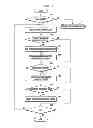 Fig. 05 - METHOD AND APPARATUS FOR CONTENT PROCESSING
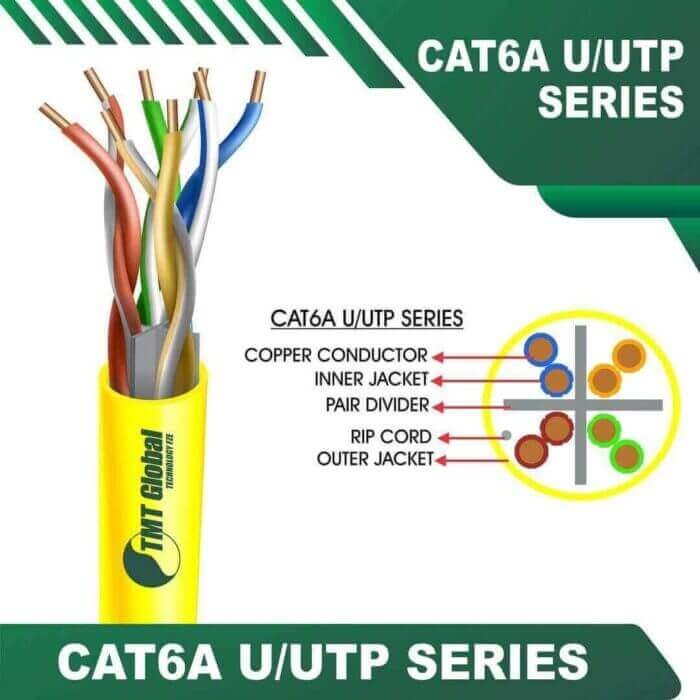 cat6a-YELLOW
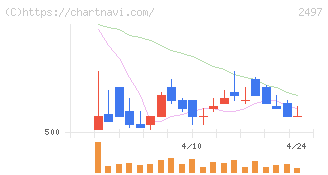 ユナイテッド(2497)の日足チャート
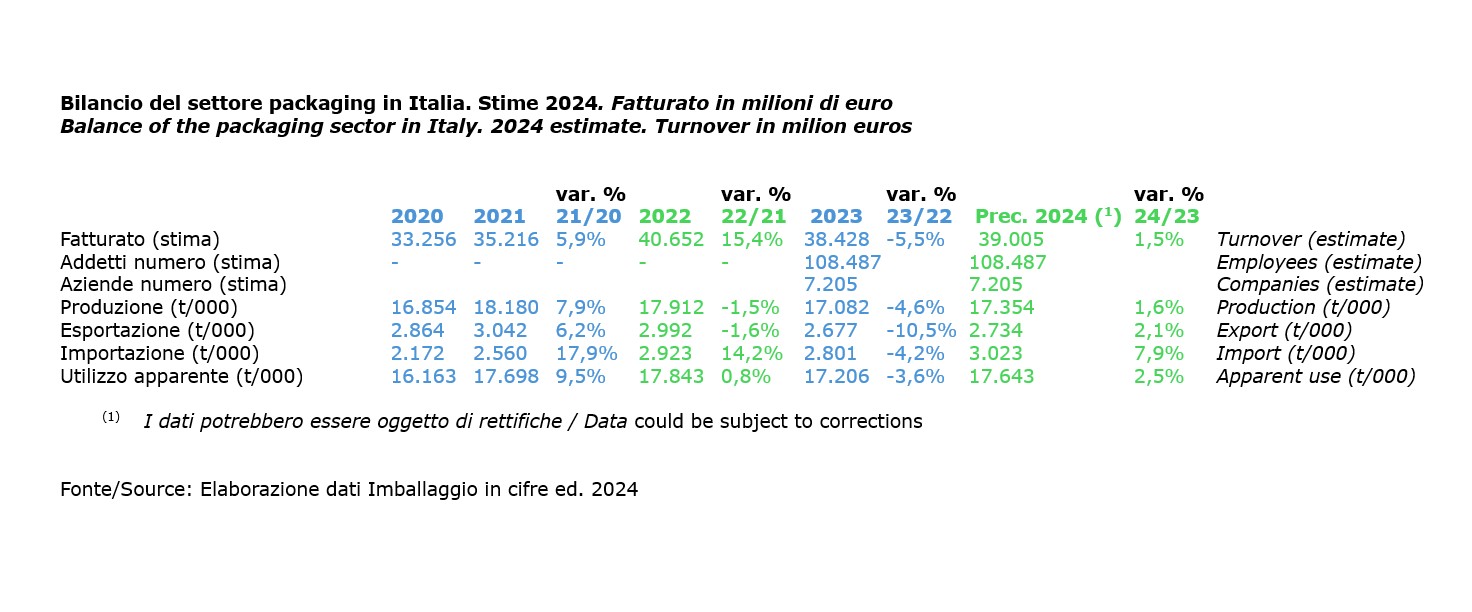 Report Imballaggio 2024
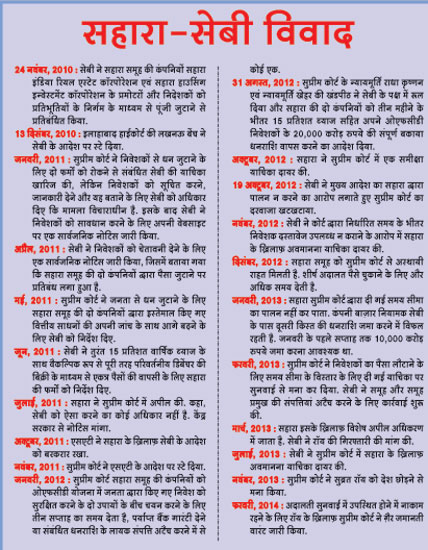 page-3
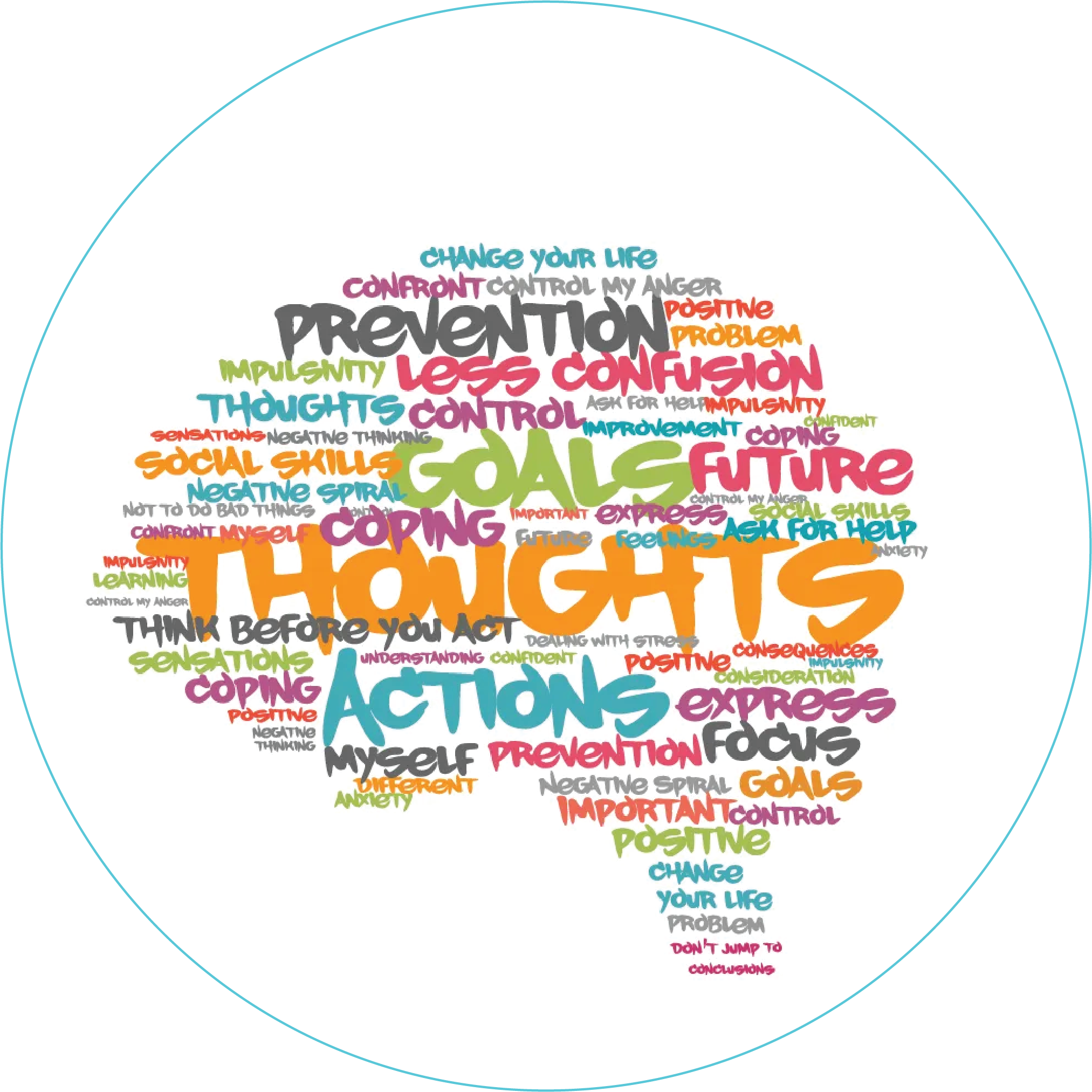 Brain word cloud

...

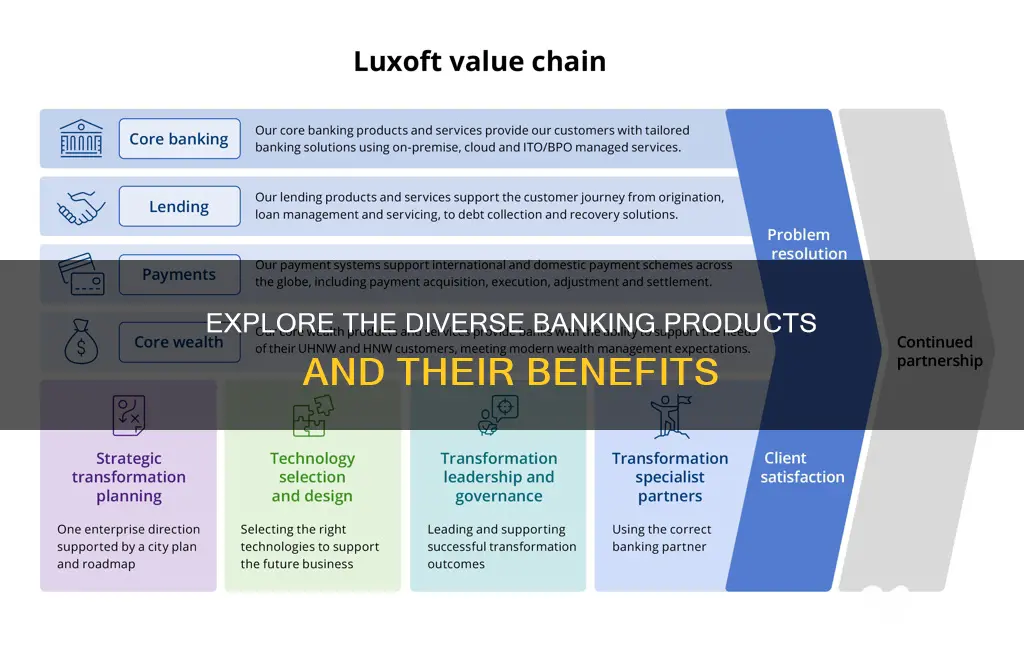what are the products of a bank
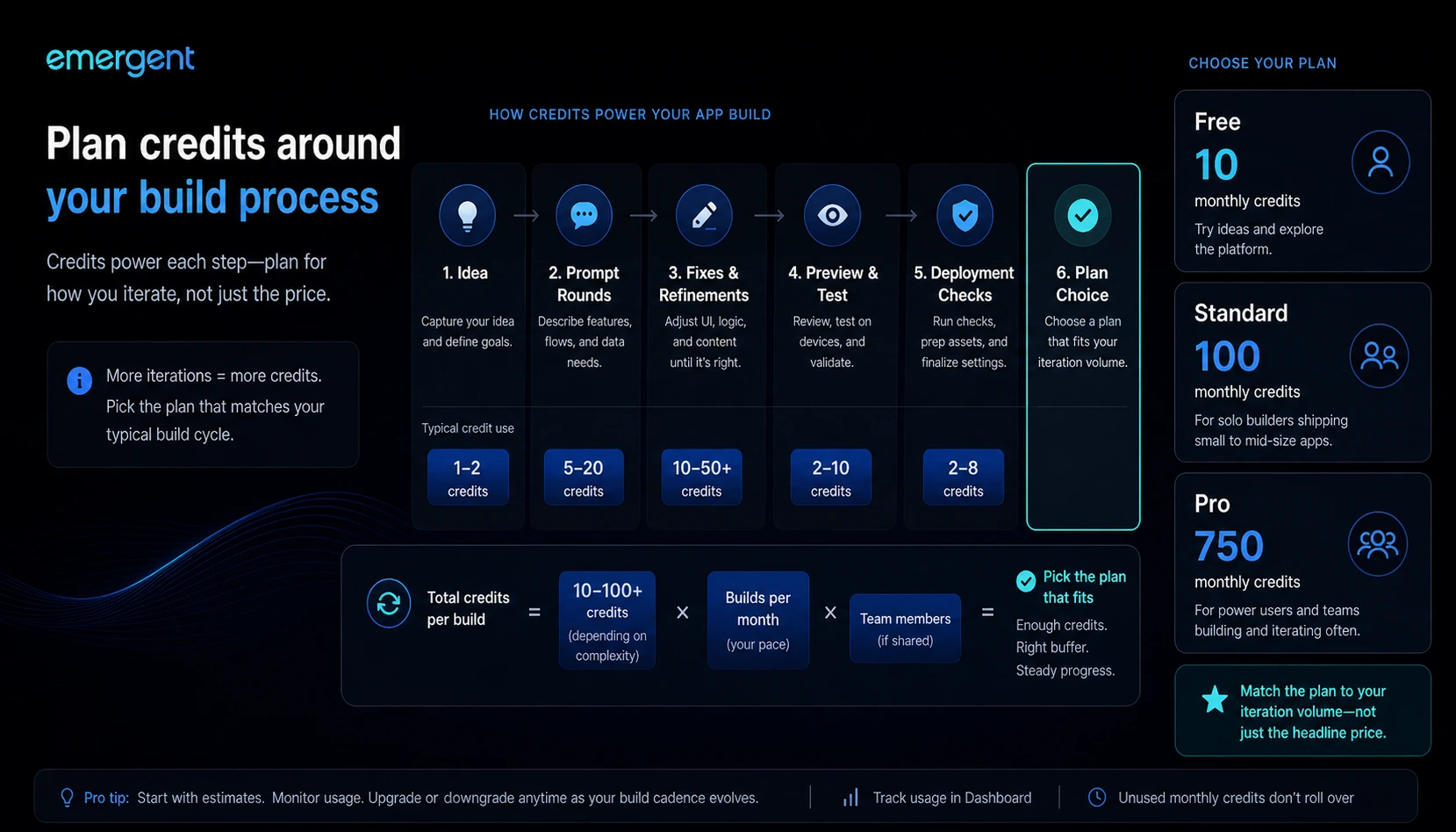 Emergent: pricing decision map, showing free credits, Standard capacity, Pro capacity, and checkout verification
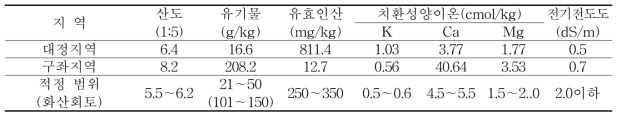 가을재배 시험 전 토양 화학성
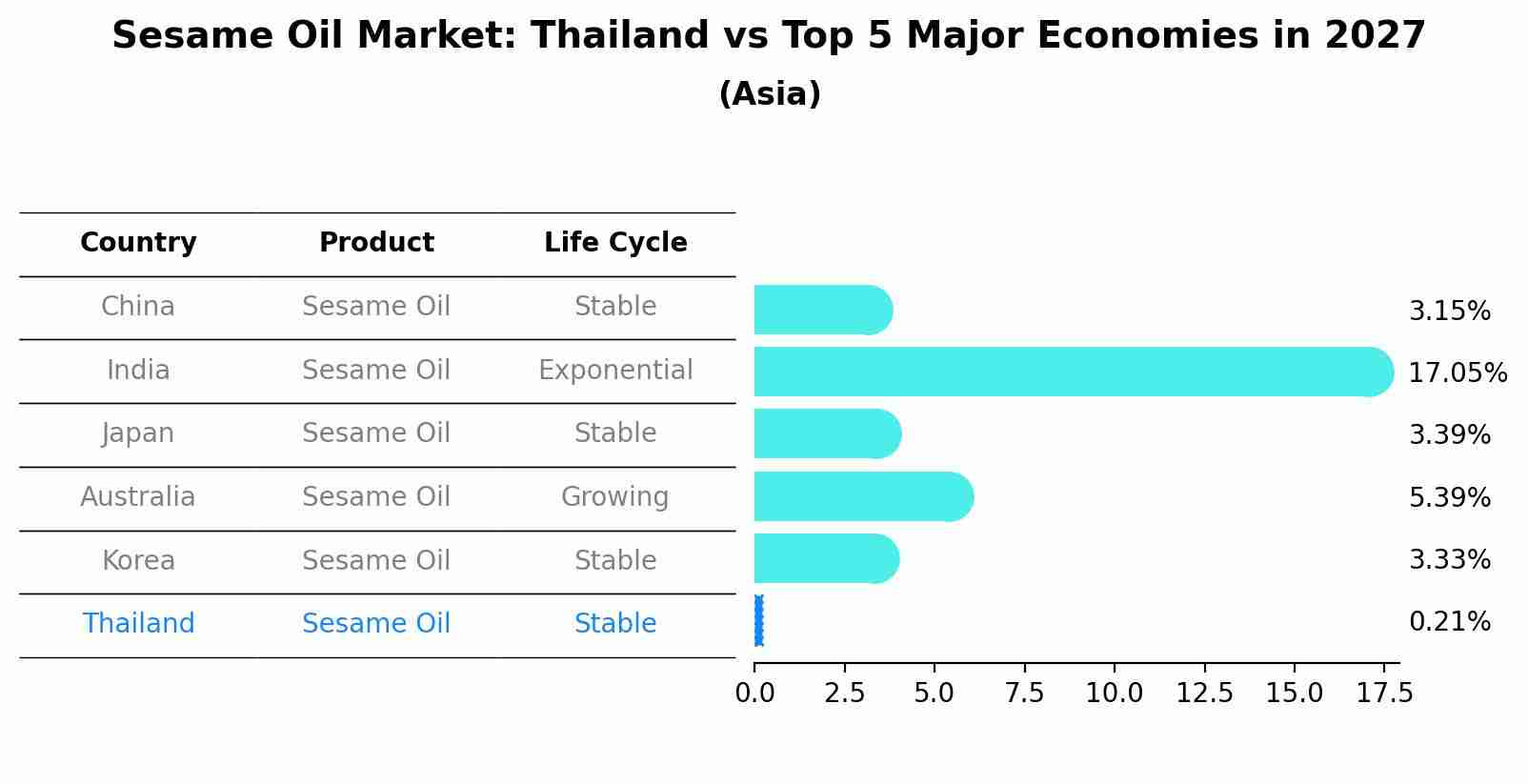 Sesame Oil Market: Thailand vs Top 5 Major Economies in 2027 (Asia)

* Action item
Above are the records; please give again, exactly and in full, only the lines that run from the line with "Emergent: pricing decision" through the line with "Sesame Oil Market: Thailand", with no pictures.

* Response area
 Emergent: pricing decision map, showing free credits, Standard capacity, Pro capacity, and checkout verification
 가을재배 시험 전 토양 화학성
 Sesame Oil Market: Thailand vs Top 5 Major Economies in 2027 (Asia)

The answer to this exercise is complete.